### INSTRUCTIONS TO FOLLOW
Repeat the listing below line by line, exactly, leaving its pictures behind.

### STORED DATA
▶
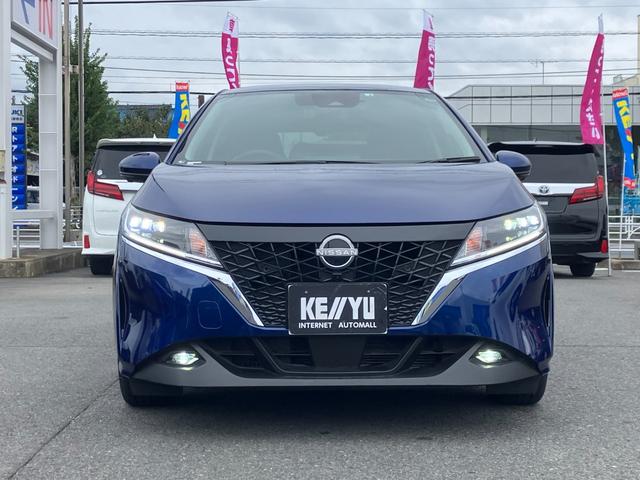 ノート Ｘ　禁煙車／ブリヂストン２０２２年タイヤ／走行９９５３ｋｍ／エマージェンシーブレーキ／９型ナビ／アラウンドビューモニター／ドラレコ／ＢＴ接続／１２セグＴＶ／ＥＴＣ／コーナーセンサー／（5枚目）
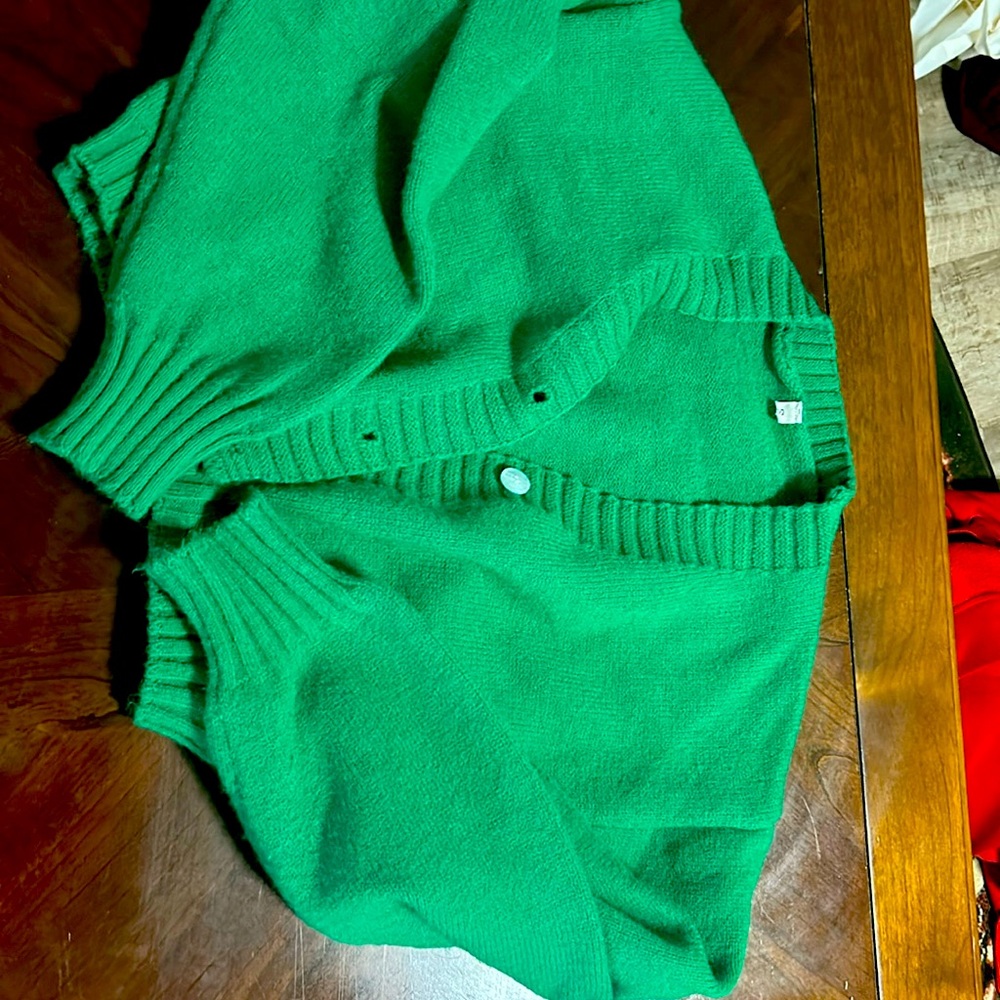 Green crop sweater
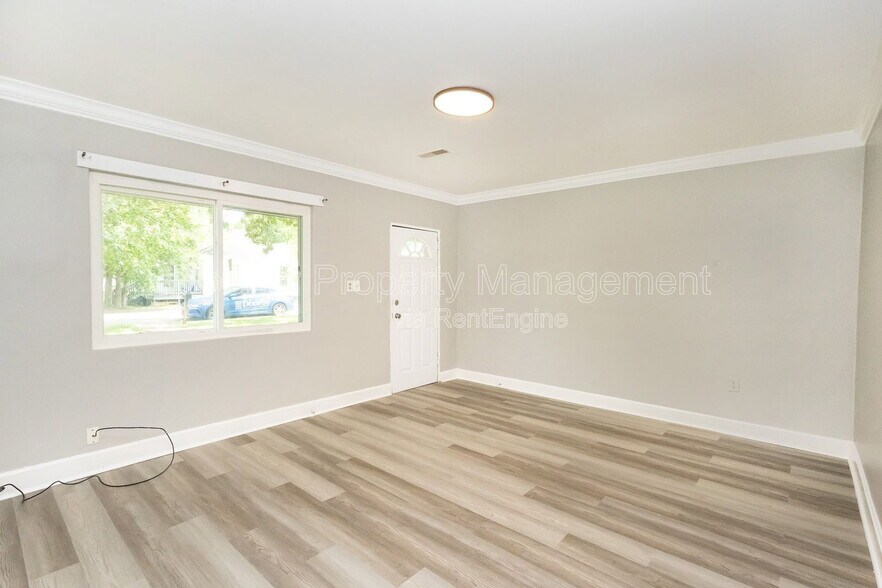Building Photo - 1301 N Orchard Knob Ave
◀
### YOUR SOLUTION
 ノート Ｘ　禁煙車／ブリヂストン２０２２年タイヤ／走行９９５３ｋｍ／エマージェンシーブレーキ／９型ナビ／アラウンドビューモニター／ドラレコ／ＢＴ接続／１２セグＴＶ／ＥＴＣ／コーナーセンサー／（5枚目）
 Green crop sweater
Building Photo - 1301 N Orchard Knob Ave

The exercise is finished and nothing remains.